DATA EXTRACT:
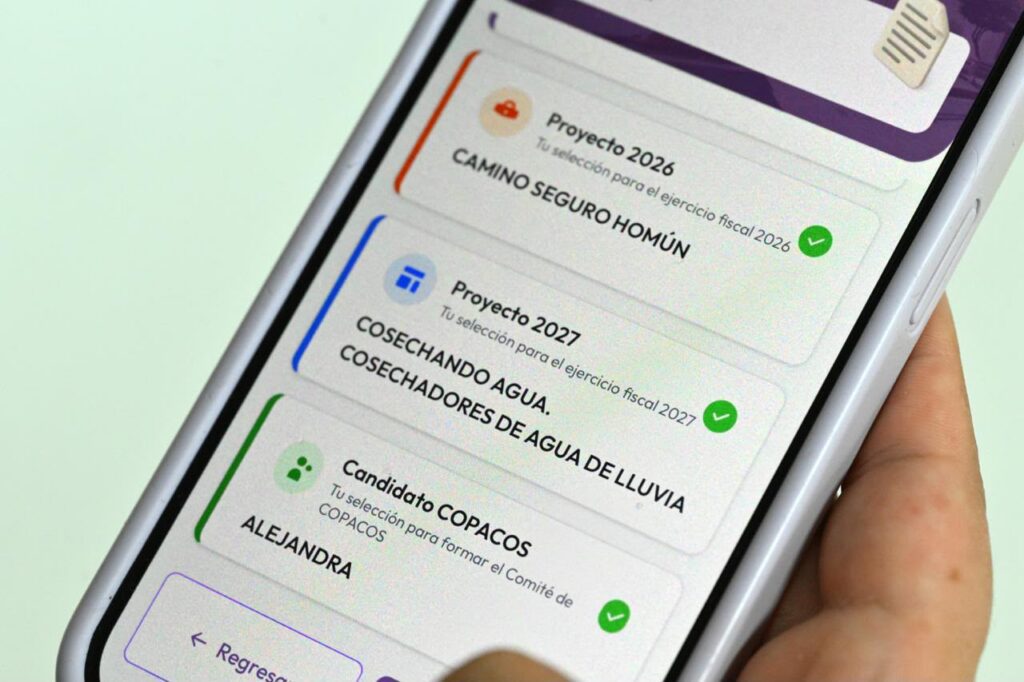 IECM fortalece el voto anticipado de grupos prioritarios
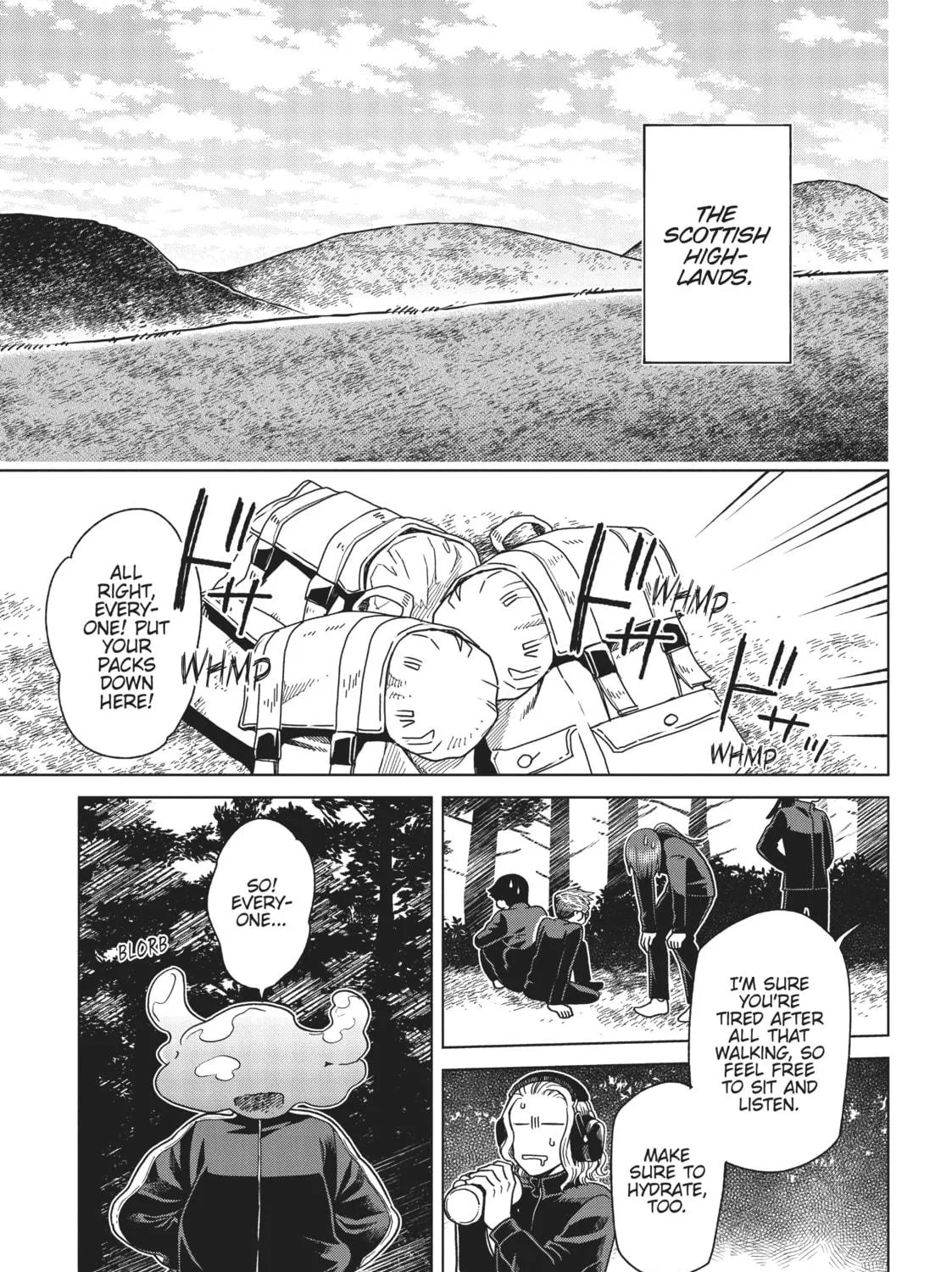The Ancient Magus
==
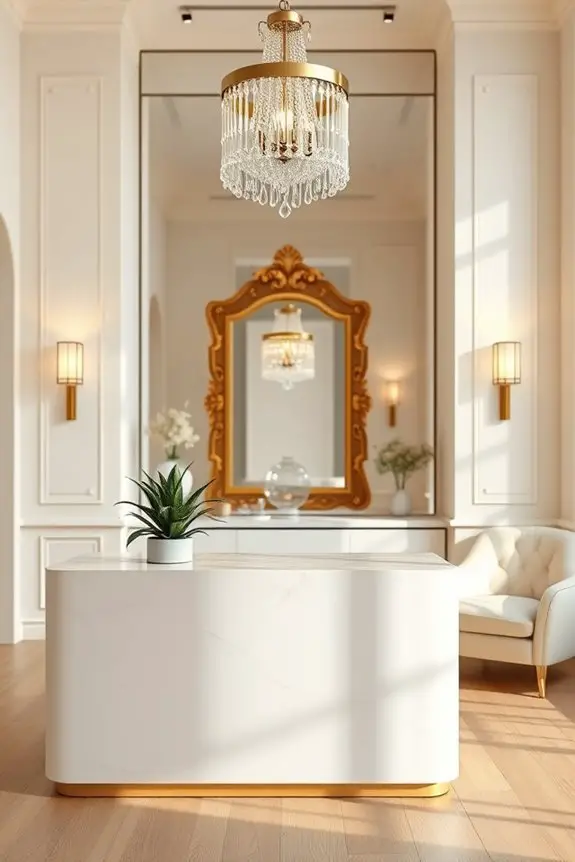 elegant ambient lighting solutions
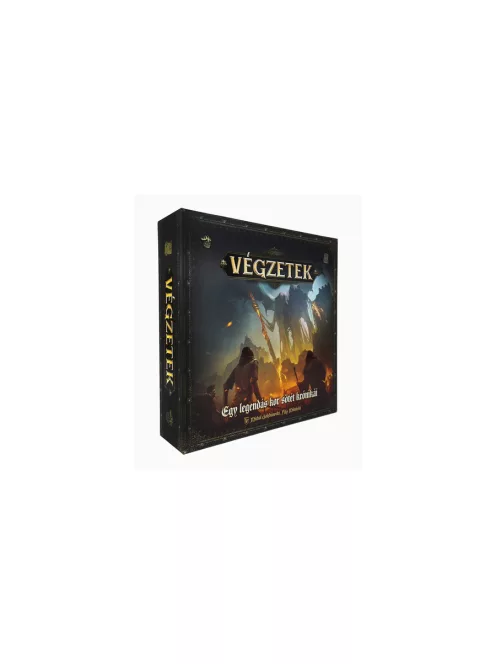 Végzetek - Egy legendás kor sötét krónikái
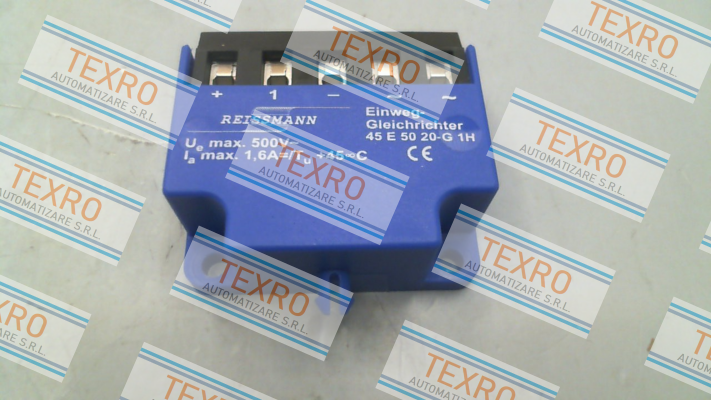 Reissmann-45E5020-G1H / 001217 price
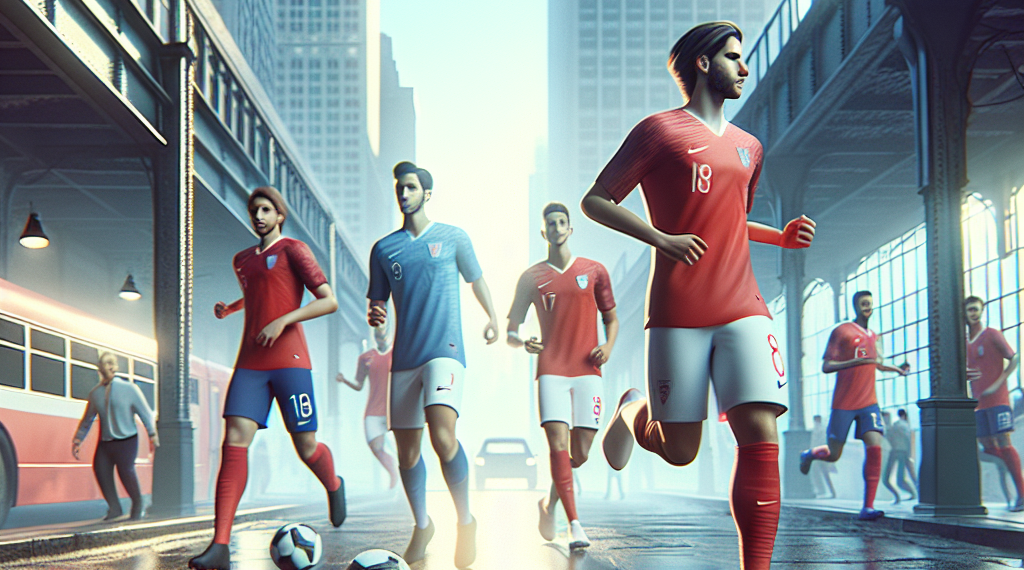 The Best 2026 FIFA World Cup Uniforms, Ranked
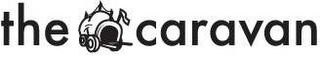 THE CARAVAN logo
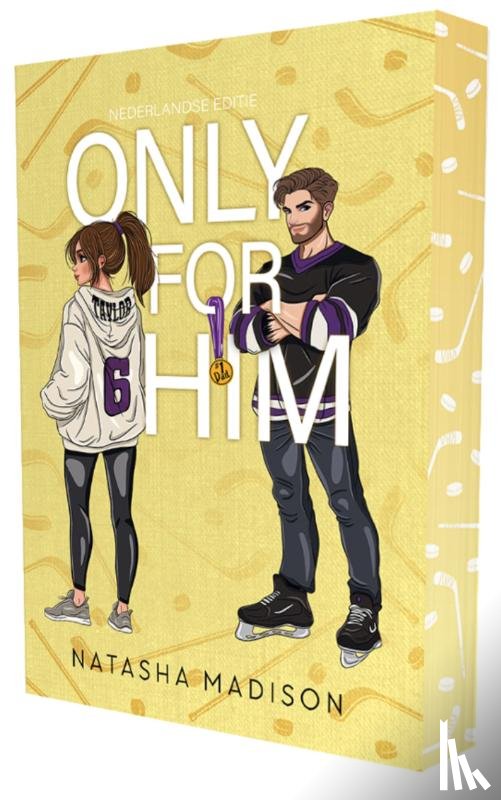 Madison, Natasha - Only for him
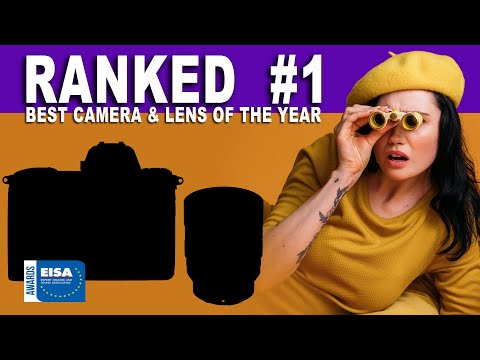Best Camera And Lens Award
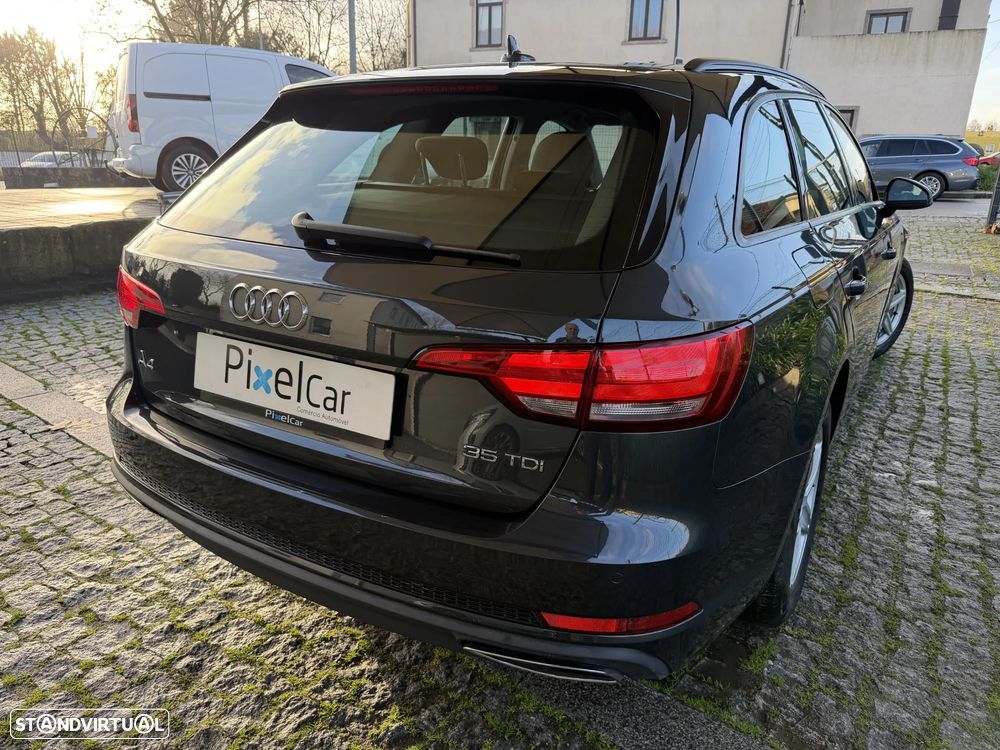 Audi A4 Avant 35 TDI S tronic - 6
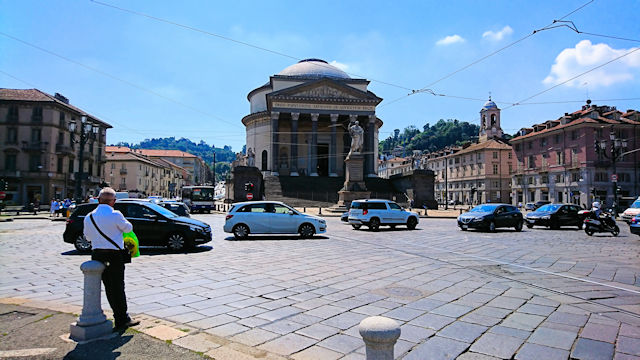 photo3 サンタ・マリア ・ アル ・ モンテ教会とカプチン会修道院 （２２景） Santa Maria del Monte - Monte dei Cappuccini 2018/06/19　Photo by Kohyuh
...
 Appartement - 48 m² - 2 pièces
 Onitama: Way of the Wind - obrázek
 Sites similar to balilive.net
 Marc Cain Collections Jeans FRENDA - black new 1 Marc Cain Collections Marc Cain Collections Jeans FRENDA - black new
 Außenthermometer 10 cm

WHAT THE TASK REQUIRES:
The reply should hold exactly the lines above, starting at the line with "Audi A4 Avant 35 TDI S tronic - 6" and ending at the line with "photo3 サンタ・マリア ・", and no pictures.

ANSWER SPACE:
 Audi A4 Avant 35 TDI S tronic - 6
 photo3 サンタ・マリア ・ アル ・ モンテ教会とカプチン会修道院 （２２景） Santa Maria del Monte - Monte dei Cappuccini 2018/06/19　Photo by Kohyuh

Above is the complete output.